> **Directions**: Excluding any images, copy all of the lines below precisely as written.

> **Information provided**:
↓

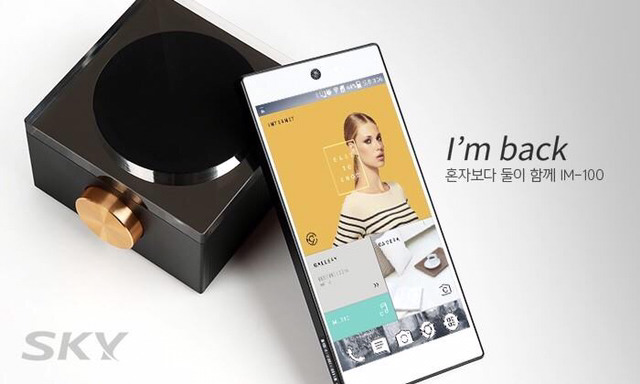 스마트폰가문 난리났다 | 인스티즈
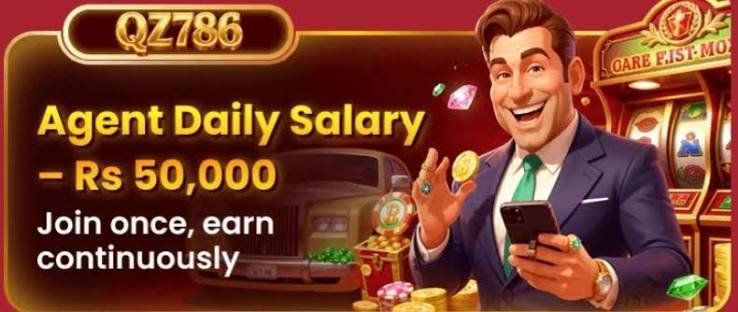 QZ786 Game Download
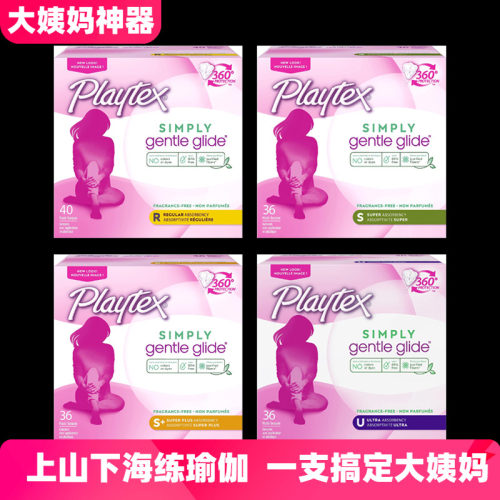 超大吸收轻爽无感无异味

↑

> **Final answer**:
 스마트폰가문 난리났다 | 인스티즈
 QZ786 Game Download
 超大吸收轻爽无感无异味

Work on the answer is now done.